*** Given data Section Begins ***

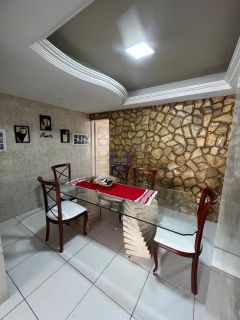 2 CASAS COM EXCELENTE LOCALIZAÇÃO EM MARANGUAPE!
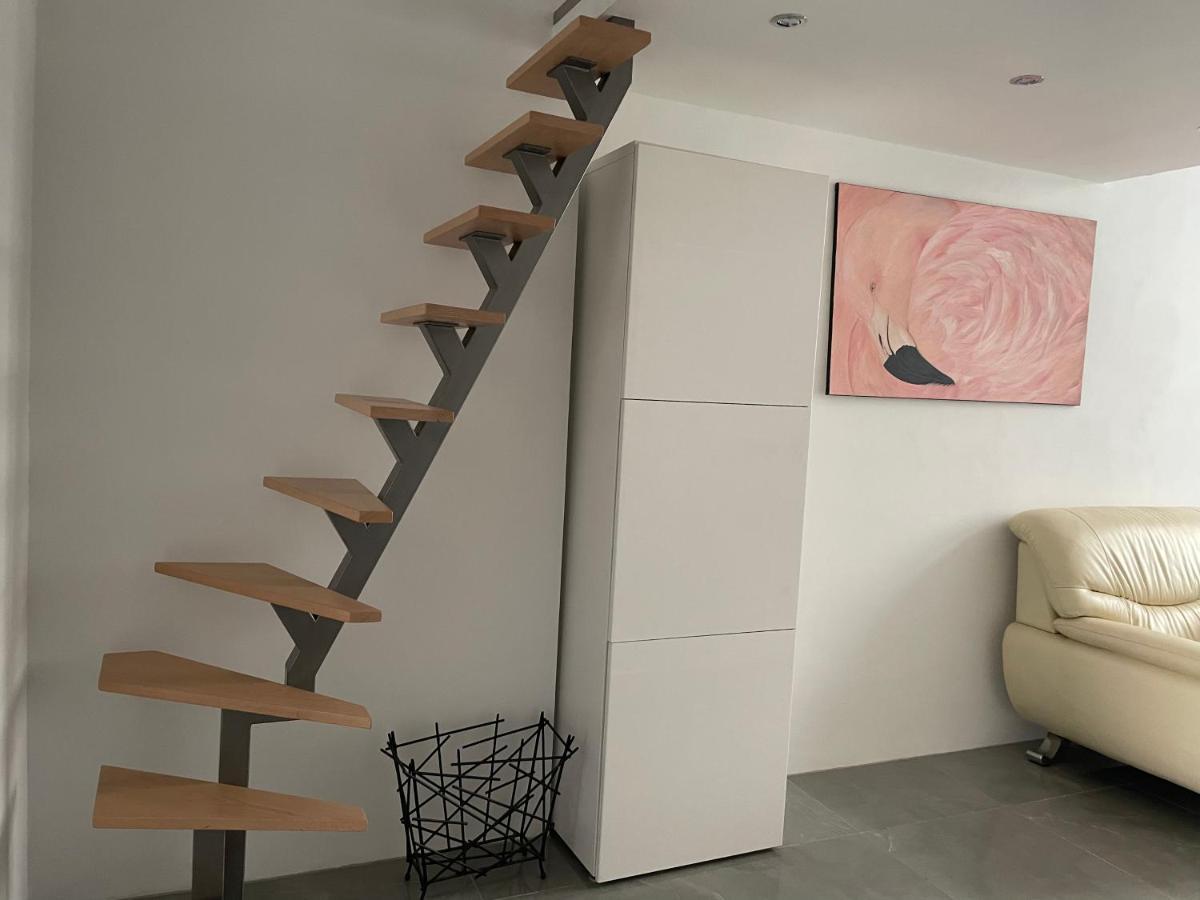 Luxury 60M2 Appartement In Wilhelmstadt Berlin Luaran gambar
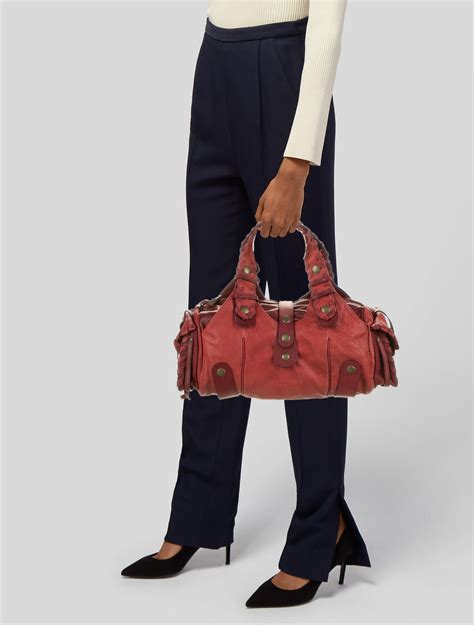 Chloé Leather Silverado Shoulder Bag Red Shoulder Bags Handbags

*** Given data Section Ends ***

All lines from the line containing "Luxury 60M2 Appartement" through the end of the listing above are to be given again exactly; pictures are not part of the copy.

### Response to this exercise
 Luxury 60M2 Appartement In Wilhelmstadt Berlin Luaran gambar
 Chloé Leather Silverado Shoulder Bag Red Shoulder Bags Handbags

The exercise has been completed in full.